Das Wochenende des 18. und 19. Januars 2020 bedeutete für viele AktivistInnen das definitive Ende des pazifistischen Weges. 450 Verletzte vermeldeten libanesische und internationale Medien am Montagmorgen auf ihren Titelseiten. Zwei Demonstranten verloren jeweils ein Auge durch Gummi-Geschosse der ISF. In der Beiruter Innenstadt versuchten sich die DemonstrantInnen einen Weg zum Parlament zu bahnen, die ISF antwortete mit Tränengas und Wasserwerfern. Ununterbrochen heulten Ambulanz-Sirenen, bewaffnete Soldaten sperrten den Zugang zur Innenstadt ab.
Nach einem Gespräch mit Kay im Stadtteil Hamra werde ich auf dem Rückweg Zeuge der gleichen Szenen. Unter dem Märtyrerplatz liegt Tränengas in der Luft, Helikopter rattern über der Stadt. Ich komme durch verwüstete und mit Steinen übersäte Strassen, am Boden liegen umgeworfene Blumentöpfe und Tränengashülsen. Im Fünfsekundentakt höre ich, wie in der Parlamentsstrasse Gummigeschosse abgefeuert werden. Es ist die Szenerie, die das Bild der Innenstadt in den folgenden Tagen prägt.

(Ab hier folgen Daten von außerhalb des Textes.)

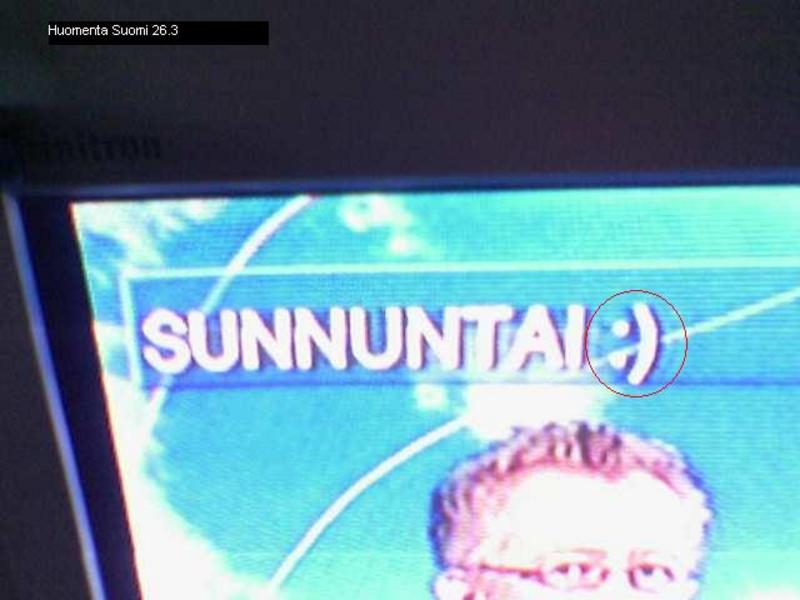 sunnuntai.jpg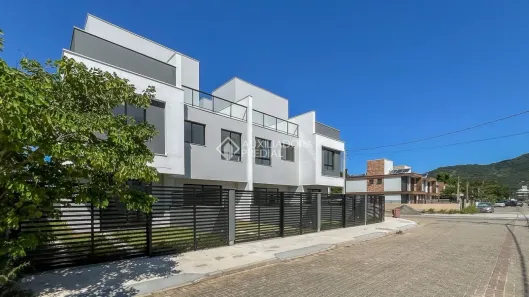 Casa com 2 Quartos à venda, 135m² no Ribeirão da Ilha, Florianópolis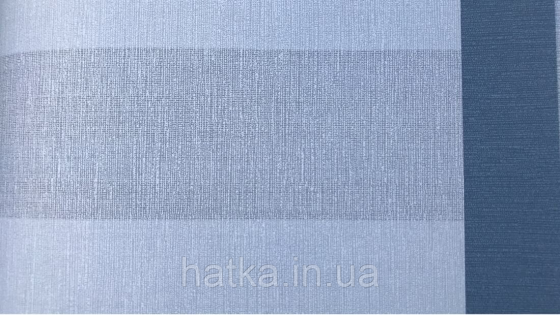 Флізелінові шпалери Khroma Mazurka Бельгія Київ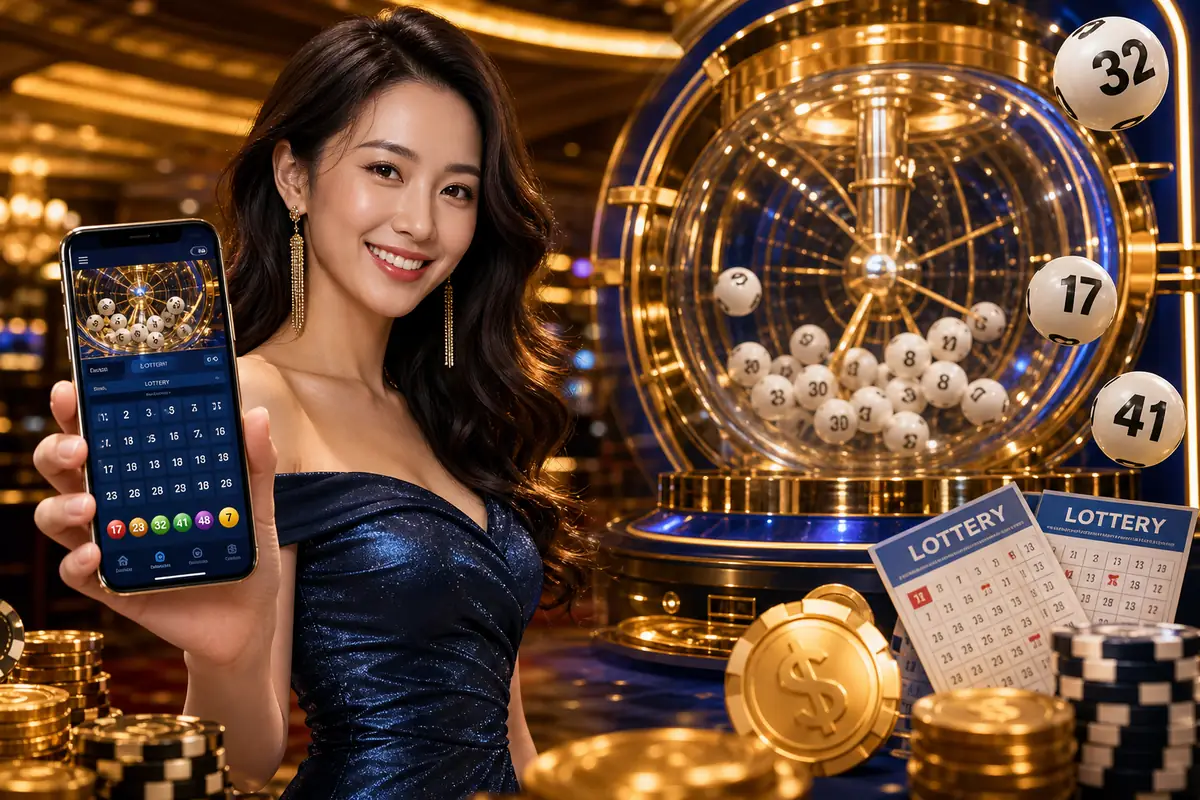 tng888 program VIP cashback mingguan pertaruhan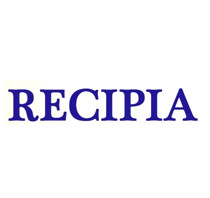 RECIPIA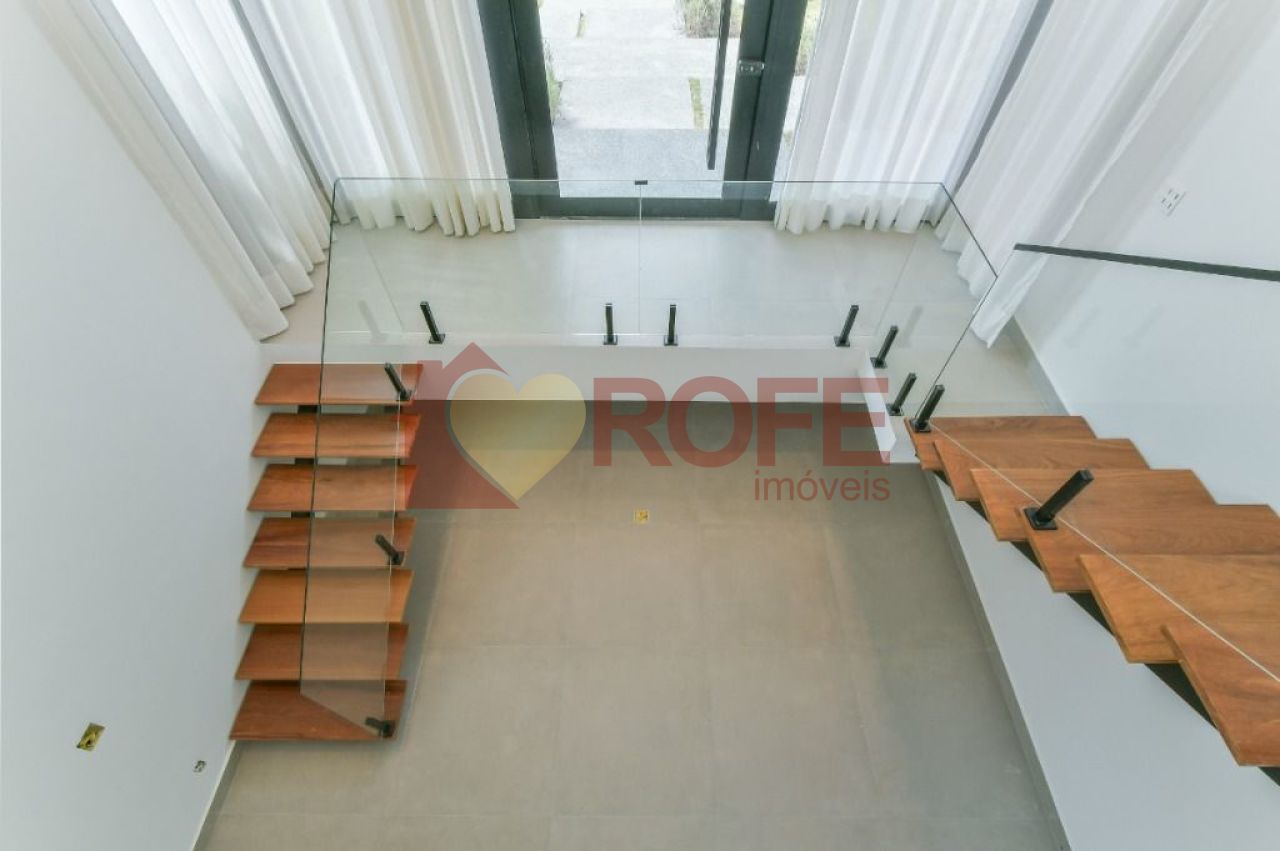 Foto 5 - RF40396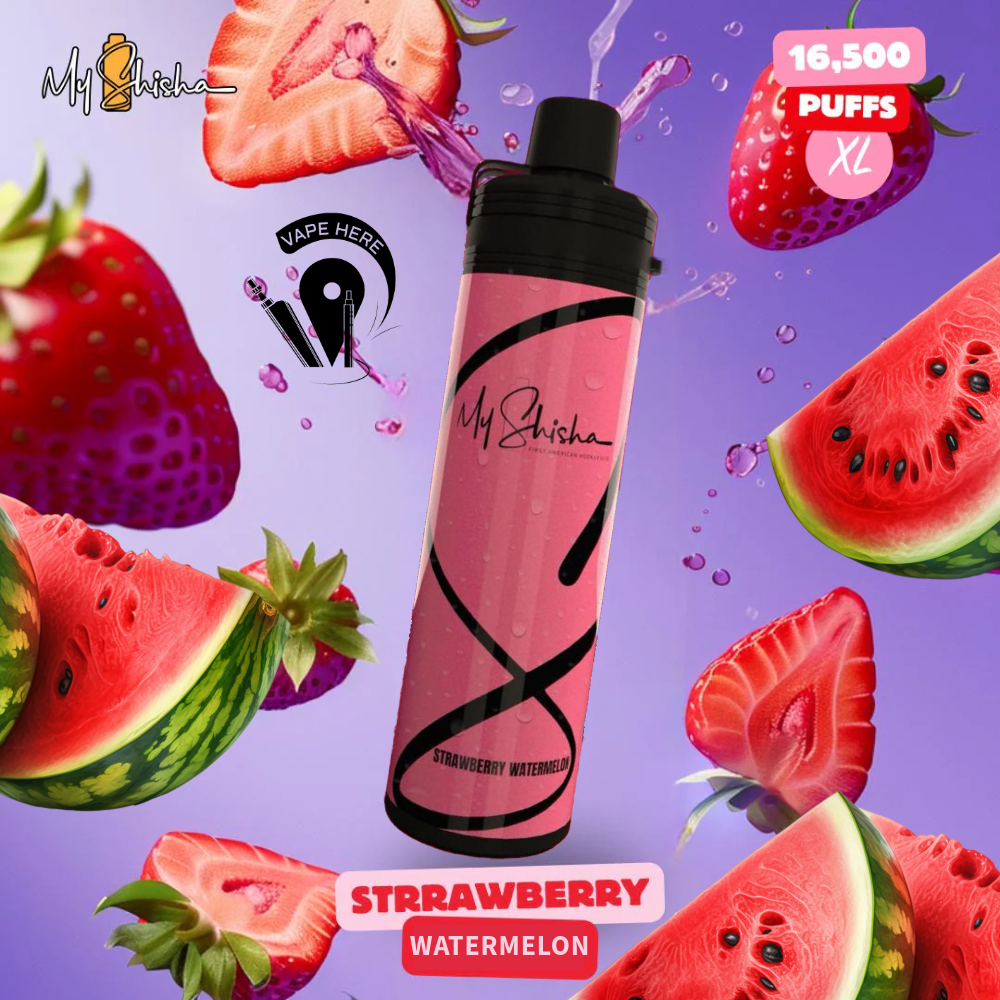 Organic Essence 16500 ( BUY 1 GET 1 FREE )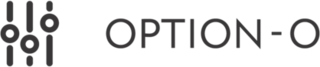 Option-O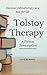Tolstoy Therapy: A Fiction ...
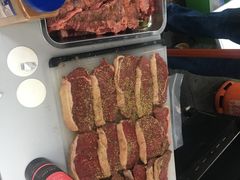 -CrossFit MeWellness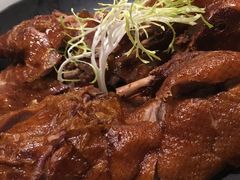 -上海会馆(香港名都店)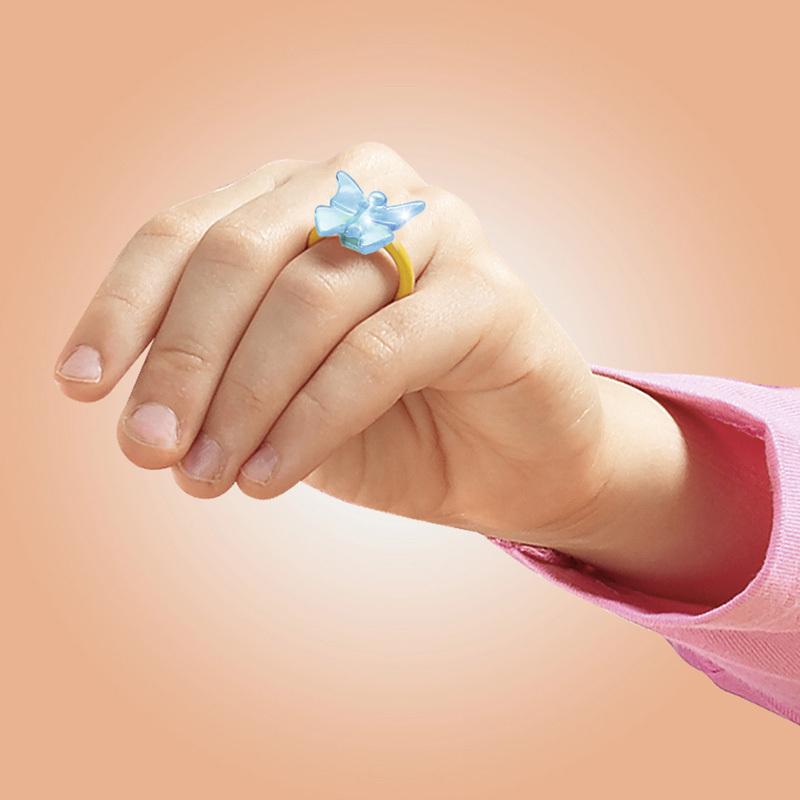 product/p/l/playmobil_a2401280_blanc-violet-rose_4.jpg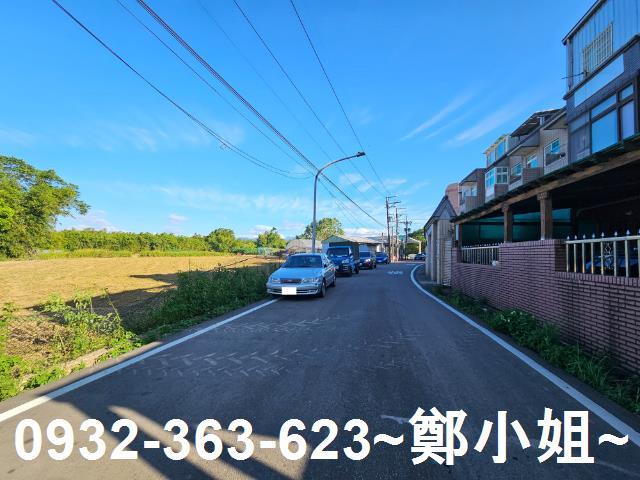 桃園八德農地-11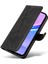 Samsung Galaxy A16 Flip Cüzdan Deri Telefon Kılıfı (Yurt Dışından) 5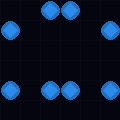 190.112.252.48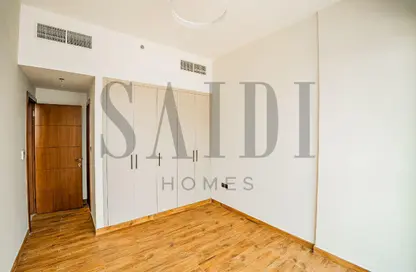 Apartment - 1 Bedroom - 2 Bathrooms for rent in Maya Residences 5 - Jumeirah Village Triangle - Dubai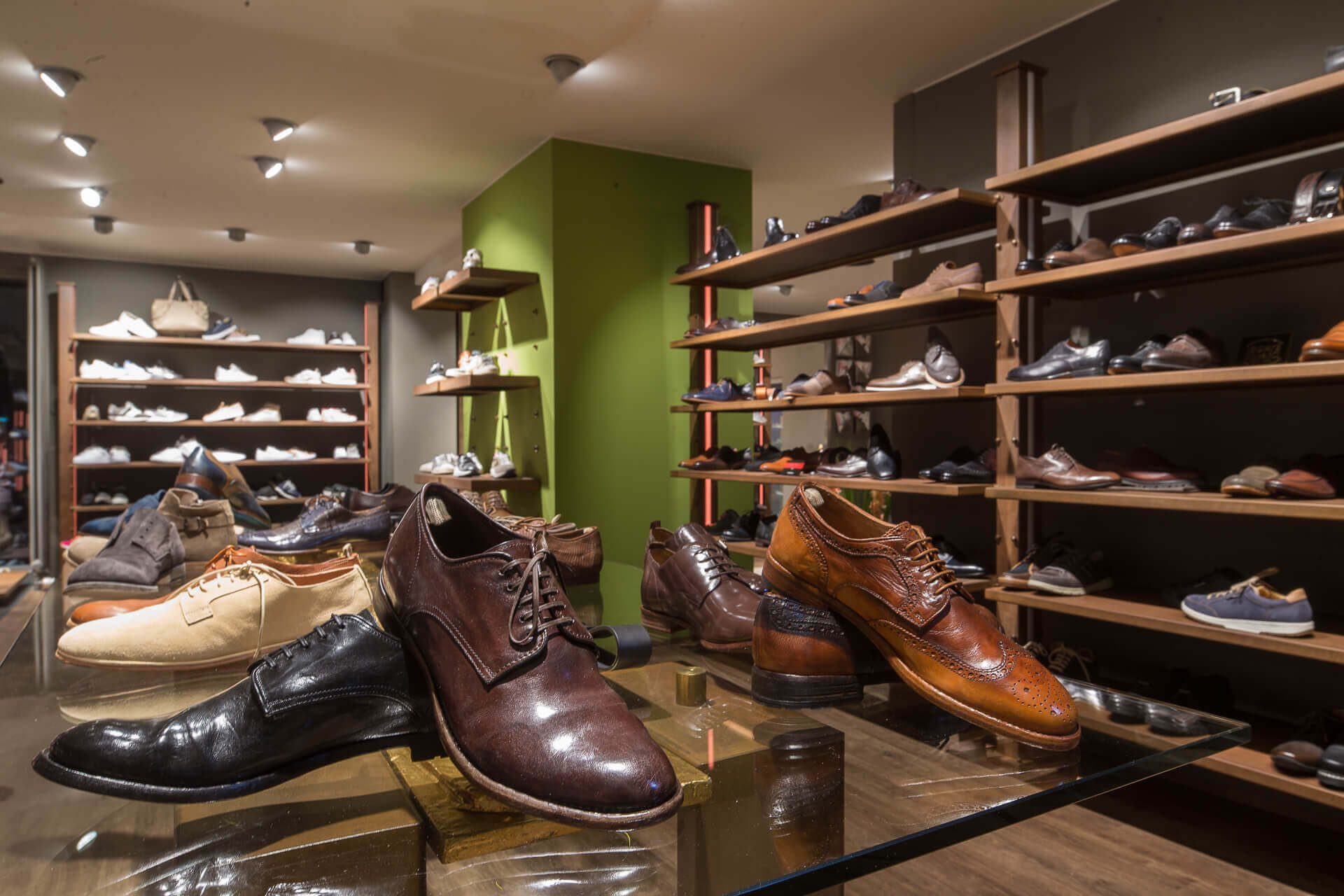 Germann Schuh Germann Standorte _ Schuh Germann Filialen – DPLO
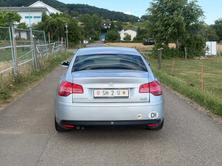 CITROEN C5 Berline 2.7 HDi V6 Motion Exclusive Automatic, Diesel, Occasion / Utilisé, Automatique - 5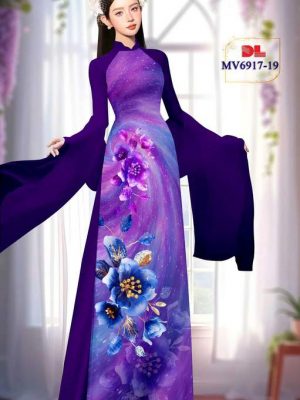 1758853759 586 vai ao dai hoa in 3d ad mv6917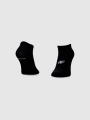 CALCETINES CAS M442 (3pack)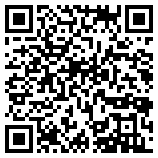 QR Code for Sun Friendly Concepts in Albuquerque, NM 87101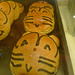 kitty buns by ianjb21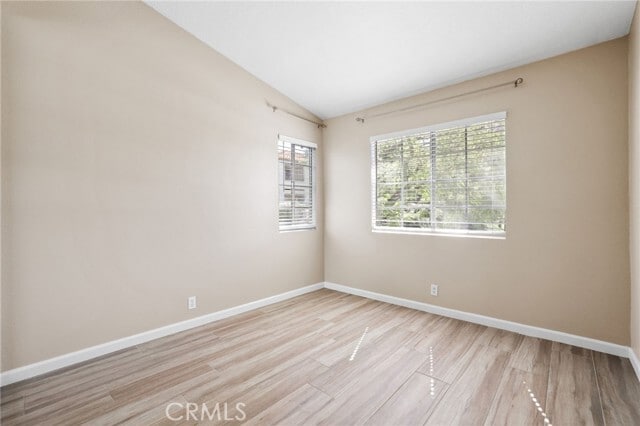 Building Photo - 83 Gaviota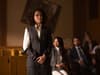 She-Hulk: Attorney at Law review: the jury’s still out on Marvel’s lukewarm superhero legal comedy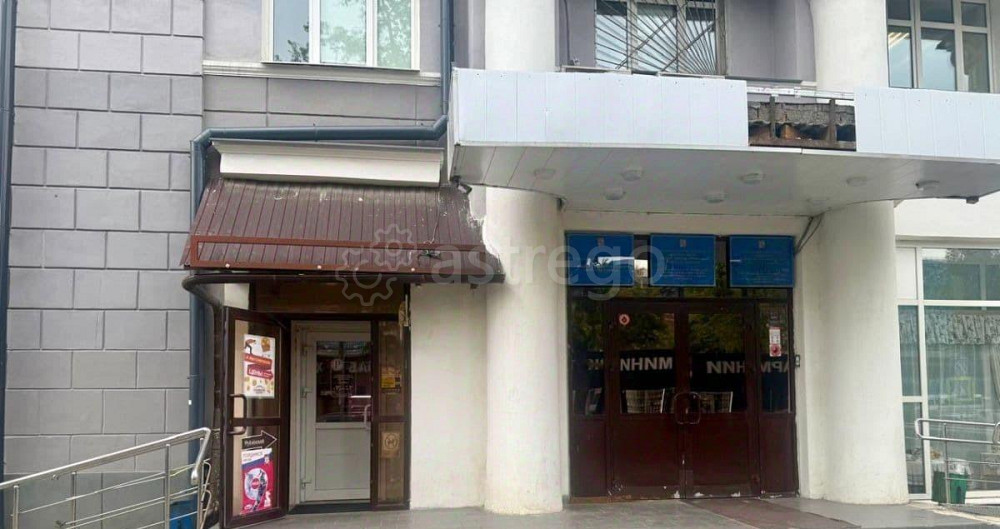 Свободного назначения, 62.4 м2 Балашиха - изображение 6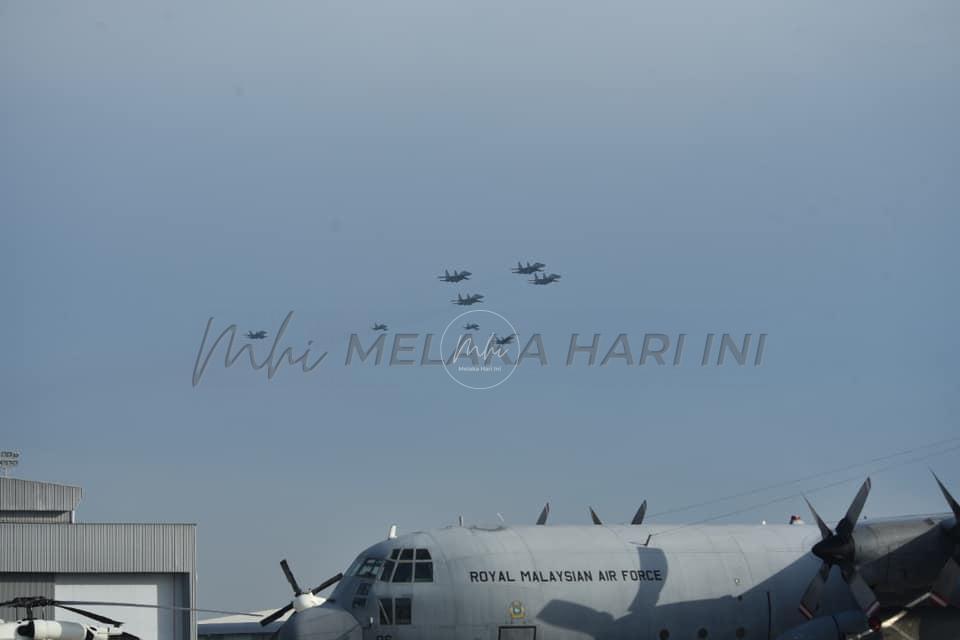 275304619 326840162820791 1859803445241201630 n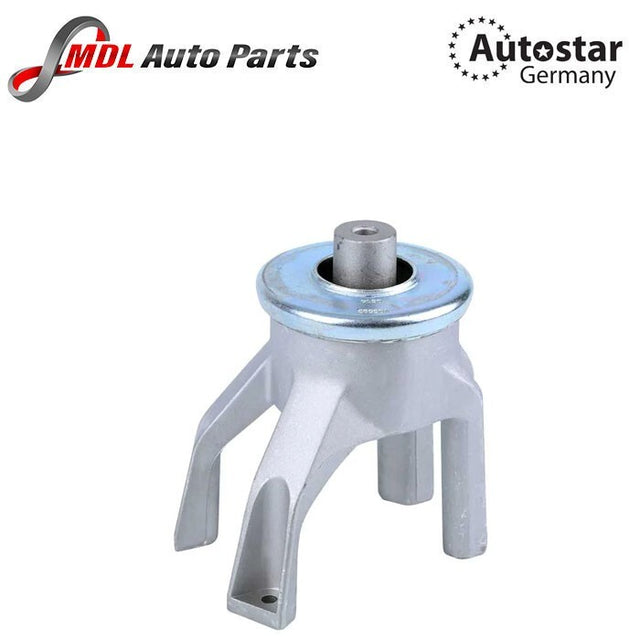 AutoStar Germany Audi ENGINE MOUNTING Volkswagen Multivan T5 T6 7H0199849At
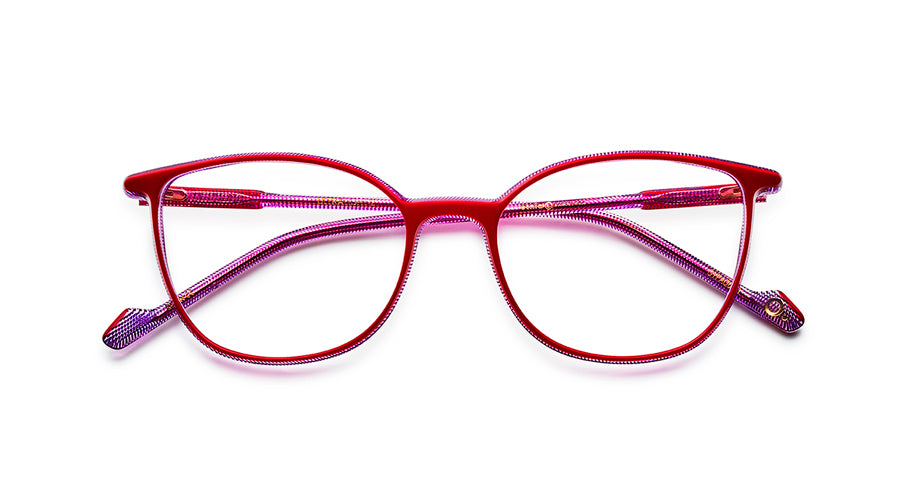 Etnia Barcelona ULTRA LIGHT 02 RDPU 51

Ursprünglich organisierten die DemonstrantInnen Yoga-Strassenblockaden und Menschenketten vom Norden in den Süden des Landes. Nach interner Kritik an dieser Strategie haben AktivistInnen in gezielten Aktionen Bankenfilialen in Hamra verwüstet. Dabei wird darauf geachtet, dass keine anderen Geschäfte oder Menschen attackiert werden. Gewalt gegen Sachen sei legitim, da sie bloss symbolischen Wert habe, meint auch Darine Dandachly. Ausserdem: „Wir können den Leuten keine Vorwürfe machen für die Gewalt auf der Strasse. Wir sind hungrig. Wir haben seit dreissig Jahren keine Grundrechte. Wie sollen wir hungernde Leute davon abhalten, sich gewalttätig auf der Strasse zu verhalten?“ Sie selbst sieht wie viele andere von bewaffneter Gewalt ab: „Für uns und viele andere Gruppen ist das keine Option. Der Libanon unterscheidet sich von anderen Ländern.“ Die Revolution kümmere sich in erster Linie um die alltäglichen Probleme der Menschen.
Wie lange sich die Bewegung noch unter dem nach aussen getragenen Banner des gewaltlosen Widerstands sammeln lässt, während die Situation der Menschen immer schlimmer wird, weiss Darine nicht.
Im Café in Koraytem stellt sich eine Frau neben uns als Chirurgin vor und wendet sich mit einem Bankauszug an Darine. Darauf ist zu sehen, dass sie seit mehreren Monaten keinen Lohn mehr erhalten hat. „Genau das sind die Probleme, mit denen wir konfrontiert sind.“ Darine wird wütend und kommt nochmals auf den ursprünglichen Plan der Revolution zurück: nahe bei den Leuten bleiben und sich nicht mit der Macht einlassen, die über dreissig Jahre lang die Probleme der Menschen missachtet hat.
„Ich weiss, dass die Revolution nicht in absehbarer Zeit erfolgreich sein wird“, sagt Darine. Nach einem Blick auf ihr Smartphone gerät die Aktivistin in Eile. Sie muss ihre beiden Kinder von der Schule abholen. „Seit Beginn der Revolution musste ich sehr viele Opfer bringen in meinem Familienleben. Doch ich sage mir, dass ich das alles für meine Kinder tue. Ich tue es, um ihnen einen besseren Libanon zu hinterlassen.“ Noch einmal blicke ich in ihr ernstes Gesicht, dann füllt sich der Gehweg vor der Schule rasch mit lärmenden Kindern. Ein Hoffnungsschimmer in einem Land, über dem immer düsterere Wolken aufziehen.